This is a part of the FESCo Elections Interviews series. Voting is open to all Fedora contributors. The voting period starts on Friday, 21 May and closes promptly at 23:59:59 UTC on Thursday, 3 June 2021.

Interview with Mohan Boddu

  • Fedora Account: mohanboddu
  • IRC: mboddu, bhujji (found in #bodhi, #centos, #centos-devel, #centos-meeting, #centos-stream, #coreos, #epel, #fedora, #fedora-aaa, #fedora-admin, #fedora-apps, #fedora-arm, #fedora-blocker-review, #fedora-buildsys, #fedora-ci, #fedora-containers, #fedora-coreos, #fedora-design, #fedora-desktop, #fedora-devel, #fedora-iot, #fedora-kde, #fedora-kernel, #fedora-magazine, #fedora-meeting, #fedora-meeting-1, #fedora-meeting-2, #fedora-meeting-3, #fedora-mktg, #fedora-modularity, #fedora-noc, #fedora-python, #fedora-qa, #fedora-releng, #fedora-respins, #fedora-rust, #fedora-websites, #fedora-workstation, #koji, #pagure, #redhat-cpe, #rpm.org, #silverblue)
  • Fedora User Wiki Page

Questions

Why do you want to be a member of FESCo and how do you expect to help steer the direction of Fedora?
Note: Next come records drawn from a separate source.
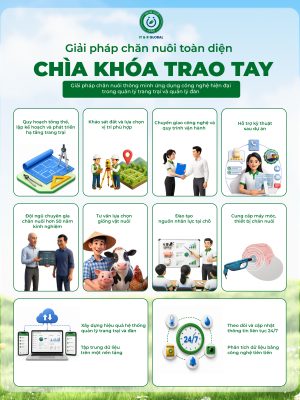 GIẢI PHÁP CHÌA KHÓA TRAO TAY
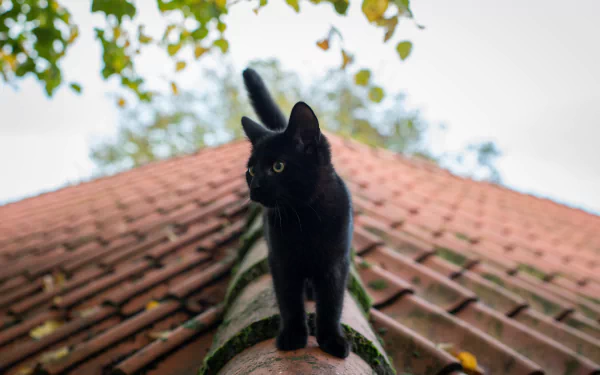 A sharp 4K Ultra HD image of a black kitten standing on a roof ridge, captured with a shallow depth of field highlighting the baby animal against a blurred leafy background.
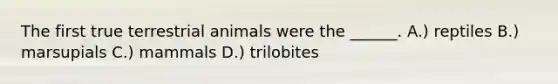 The first true terrestrial animals were the ______. A.) reptiles B.) marsupials C.) mammals D.) trilobites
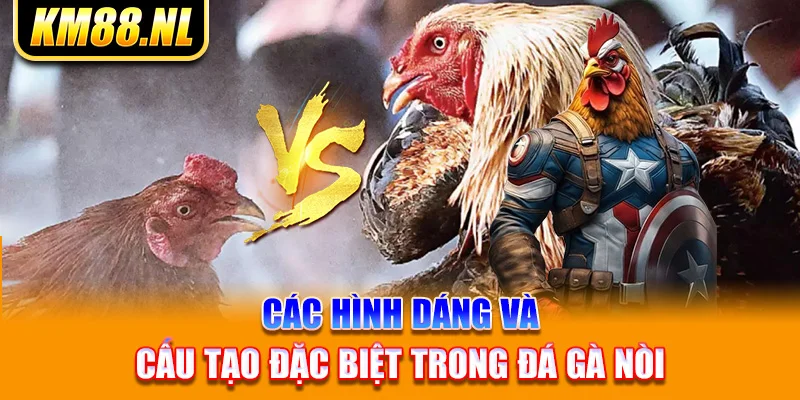 Các hình dáng và cấu tạo đặc biệt trong đá gà nòi 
I have been working as a Release Engineer for Fedora for a long time. To make a release out of the door I have to work with various groups within the Fedora community. I want to take that expertise and help the Fedora project in identifying, analyzing and finding the best solution for the issues that may arise, making the project even more successful.

Also, in my experience I have seen gaps in our policies, I would like to fix them as well. With my Release Engineer hat on, I can only fix some of them, but with being part of FESCo, I am positive I can fix many of them.

How do you currently contribute to Fedora? How does that contribution benefit the community?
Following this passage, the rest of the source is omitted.